There really isn't a single, perfect layup in terms of glass weight. Bigger boats benefit from heavier glass than small boats need and wide boats may well need more glass weight than narrow ones to generate adequate bottom stiffness. If we're talking about regular, common weaves of fiberglass cloth and boats in the 15'-18' range, I've always had good luck with a full layer of 6 oz. inside and out with a second layer over the bottom, both inside and out (both layers applied at once with the "bilge-cookie" partial layer next to the wood core). It doesn't make an ultralight boat, but is usually lighter than most other canoe materials and has enough durability to survive hitting that occasional hidden rock with little more than a scratch to show for it. On really big canoes, I've used up to ten ounce cloth (doubled on the bottom) with half-ribs glassed into the bottom to keep bounce down. Solo boats, racing canoes and little boats like Wee Lassies can also use the "standard" six-ounce, double-bottomed layup, but you can save some weight by going to lighter fabric. This does come at a durability price though, so the builder needs to be a little more careful with those lighter boats.

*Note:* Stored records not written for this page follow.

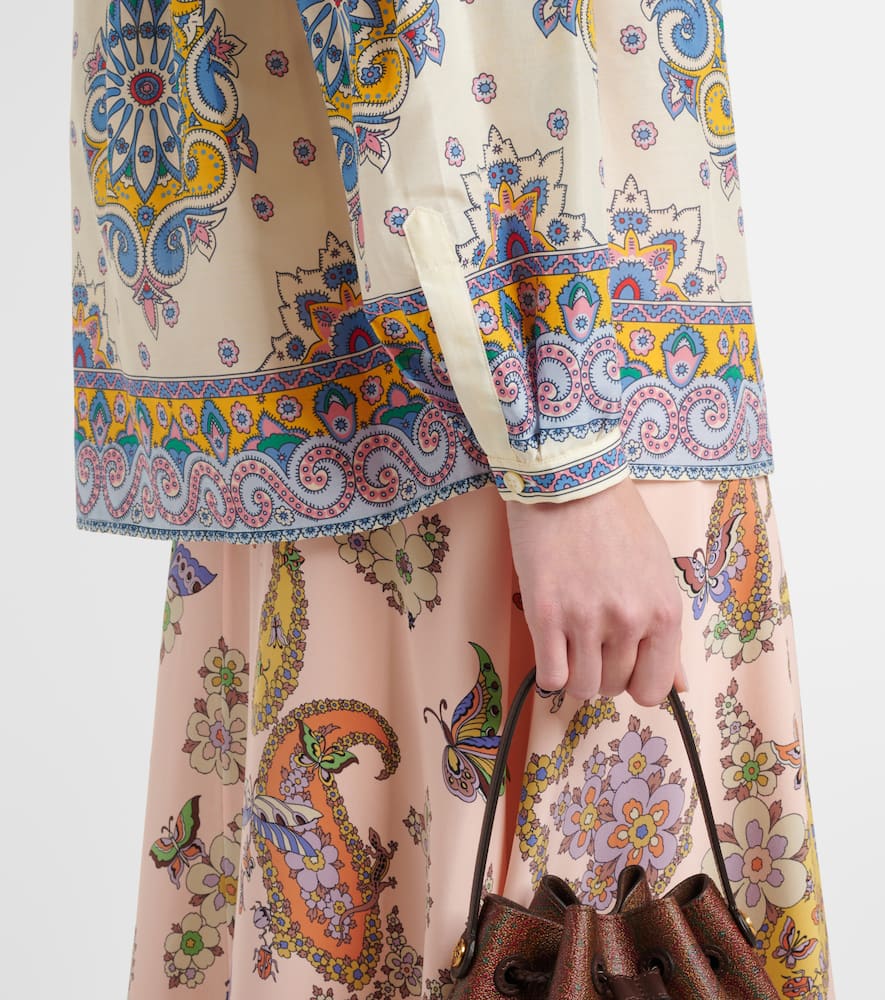 Paisley cotton and silk shirt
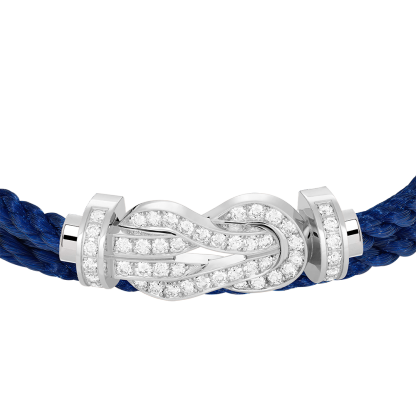 CHANCE INFINIE BRACELET 18K WHITE GOLD AND DIAMONDS LARGE MODEL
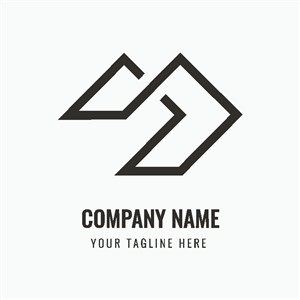 黑色极简公司矢量logo设计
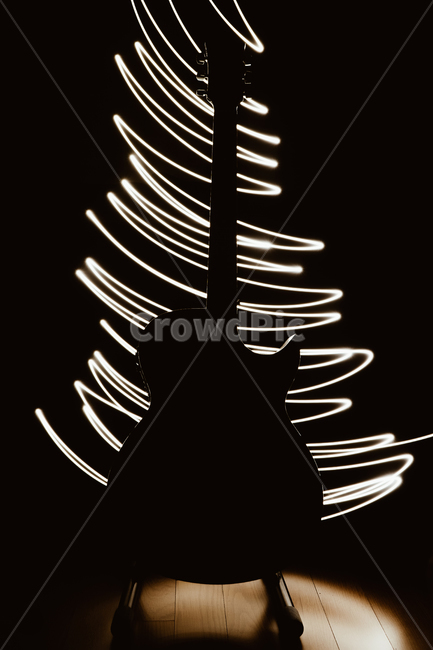 기타,악기,장노출,빛,실루엣,검정,흰색,흑백,모노톤,실루엣,그림자,silhouette,shadow,악기,음향기기,musical instrument,musical equipment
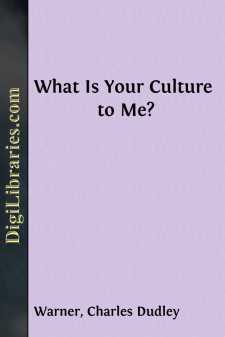What Is Your Culture to Me?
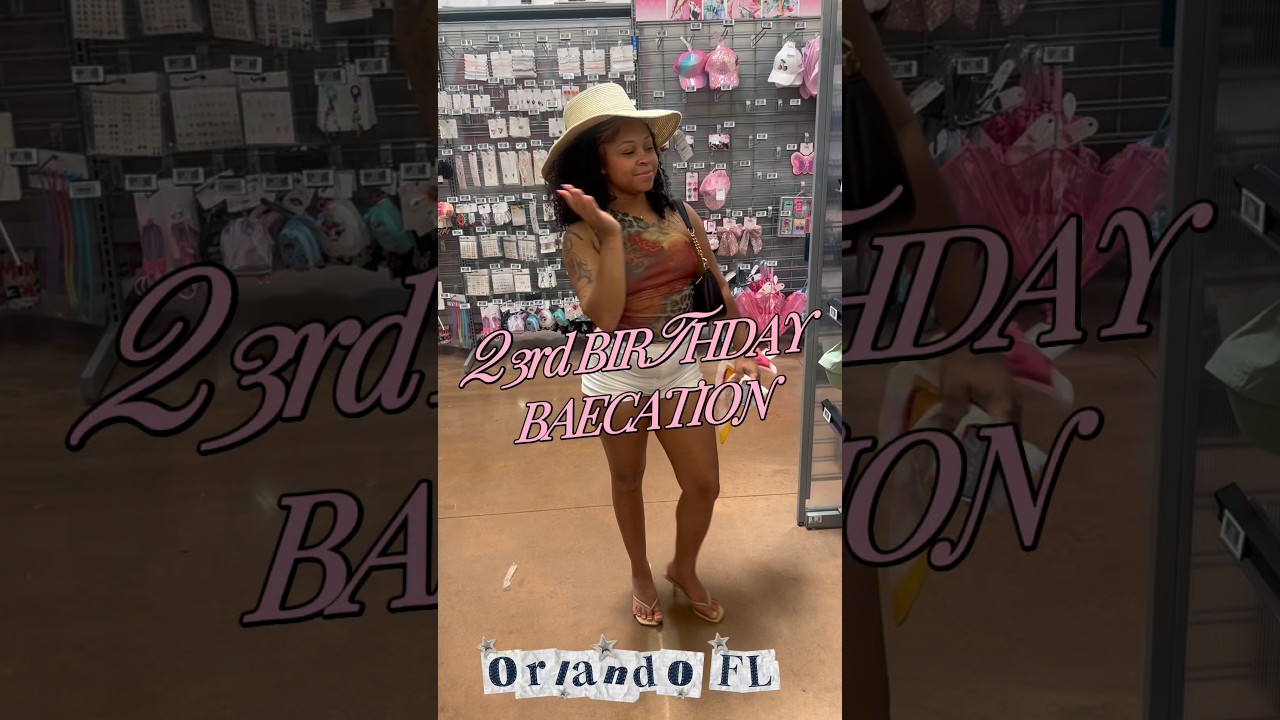 ORLANDO FL BIRTHDAY BAECATION 🍊🥂 #baecation #orlando #birthdayvlog #birthdaygirl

You also want to minimize bounce. There is nothing wrong with a little flex if you hit something (though stripper construction in general doesn't make particularly flexible hulls) but hull flex and bottom bounce in open water is bad. Every time a hull flexes or bounces, fibers are stressed, stretched and/or broken - both glass fibers and wood fibers. They don't grow back. Each time the hull bounces or flexes, a few more die and the hull gets a little bit softer (and more prone to more bouncing). The old fiberglass whitewater kayaks were a great example of flex damage. When you would slide over a rock or ledge, the area right under the seat (where your weight was concentrated) really got flexed inward big-time. After a couple seasons of shallow water boating you would have to go in and add extra layers of glass on the inside of the hull under the seat, because the area had become so soft from repeated flex and the resultant fiber damage.
No matter what weight/durability range you're shooting for with your stripper, you need enough hull stiffnes to limit bottom bounce and the damage that it will eventually almost certainly cause. Unfortunately, I don't think anybody has published any formulas for strip size and glass weight vs. boat beam, bottom shape, etc. Thicker cores are stiffer than thin cores, heavier glass weights are stiffer than lighter weights and more importantly, stronger. If the bottom does get flexed, they're more able to take it without breaking, as well as more able to limit or prevent flex in the first place. Wider, flatter bottoms are less rigid than rounder, narrower ones and may need more reinforcement, just to hold their shape. As you can see, there are a lot of variables and practice and past experience seem to be about the only way for a homebuilder to really get a feel for just how much fiberglass weight a given design will need.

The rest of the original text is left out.